I actually ended up in a state where (after wasting almost an entire day) I could see my data, but only in single-user mode with a read-only file system. I might have been able to directly copy the data, but I picked to format the drive and restore from the backup to save more of my time and get back to coding X-Plane.  My suggestion for developers getting iMacs: get an internal SSD (whatever storage size you can afford) and supplement with a fast external hard drive over Thunderbolt.

Going forward, I am replacing the portable backup drives with a Synology NAS RAID device – this gets me high performance, high capacity backup (about 10 TB) with redundant drives. I picked HGST drives because they’ve had a good track record for reliability. With a large network attached storage server, I can have all of my machines backing up in the house all of the time, and have that be the primary way of getting my data back. I’m keeping cloud backup as a last-resort-the-house-burned-down kind of thing.
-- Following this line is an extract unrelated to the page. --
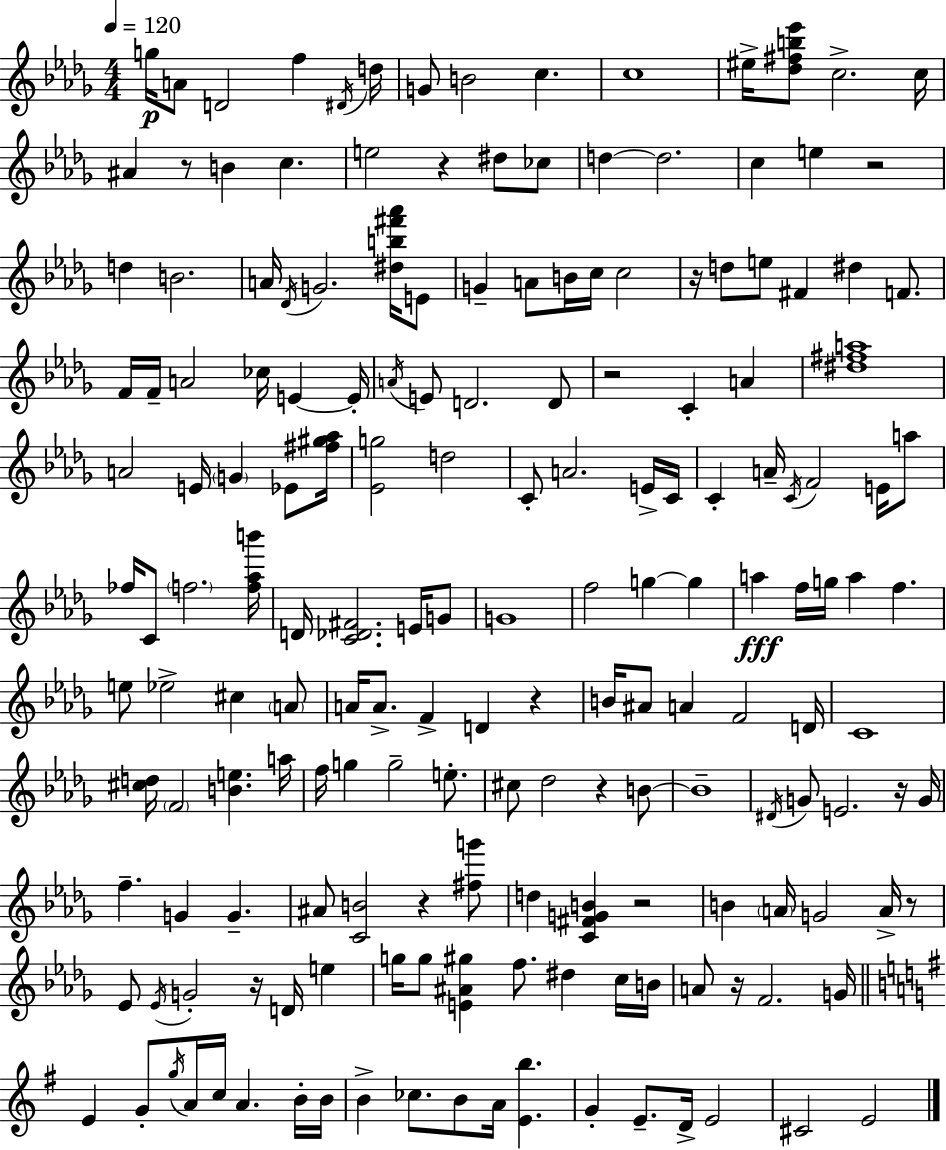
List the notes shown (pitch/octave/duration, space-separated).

G5/s A4/e D4/h F5/q D#4/s D5/s G4/e B4/h C5/q. C5/w EIS5/s [Db5,F#5,B5,Eb6]/e C5/h. C5/s A#4/q R/e B4/q C5/q. E5/h R/q D#5/e CES5/e D5/q D5/h. C5/q E5/q R/h D5/q B4/h. A4/s Db4/s G4/h. [D#5,B5,F#6,Ab6]/s E4/e G4/q A4/e B4/s C5/s C5/h R/s D5/e E5/e F#4/q D#5/q F4/e. F4/s F4/s A4/h CES5/s E4/q E4/s A4/s E4/e D4/h. D4/e R/h C4/q A4/q [D#5,F#5,A5]/w A4/h E4/s G4/q Eb4/e [F#5,G#5,Ab5]/s [Eb4,G5]/h D5/h C4/e A4/h. E4/s C4/s C4/q A4/s C4/s F4/h E4/s A5/e FES5/s C4/e F5/h. [F5,Ab5,B6]/s D4/s [C4,Db4,F#4]/h. E4/s G4/e G4/w F5/h G5/q G5/q A5/q F5/s G5/s A5/q F5/q. E5/e Eb5/h C#5/q A4/e A4/s A4/e. F4/q D4/q R/q B4/s A#4/e A4/q F4/h D4/s C4/w [C#5,D5]/s F4/h [B4,E5]/q. A5/s F5/s G5/q G5/h E5/e. C#5/e Db5/h R/q B4/e B4/w D#4/s G4/e E4/h. R/s G4/s F5/q. G4/q G4/q. A#4/e [C4,B4]/h R/q [F#5,G6]/e D5/q [C4,F#4,G4,B4]/q R/h B4/q A4/s G4/h A4/s R/e Eb4/e Eb4/s G4/h R/s D4/s E5/q G5/s G5/e [E4,A#4,G#5]/q F5/e. D#5/q C5/s B4/s A4/e R/s F4/h. G4/s E4/q G4/e G5/s A4/s C5/s A4/q. B4/s B4/s B4/q CES5/e. B4/e A4/s [E4,B5]/q. G4/q E4/e. D4/s E4/h C#4/h E4/h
If my cloud backup hasn’t shipped Monday, I will rebuild the setup I use to cut builds by hand (it’ll take a few hours but it’s doable) and we’ll cut 11.05r2 that way. If the drive comes, I can get the last of my data back and we’ll get to 11.05r2 the easy way. Either way, we’ll get things moving again.

 

* I opted for a hard drive restore, which should have one day of shipping time, instead of a download; a smaller restore based on download made clear that the transfer speeds would be slower than FedEx for that quantity of data.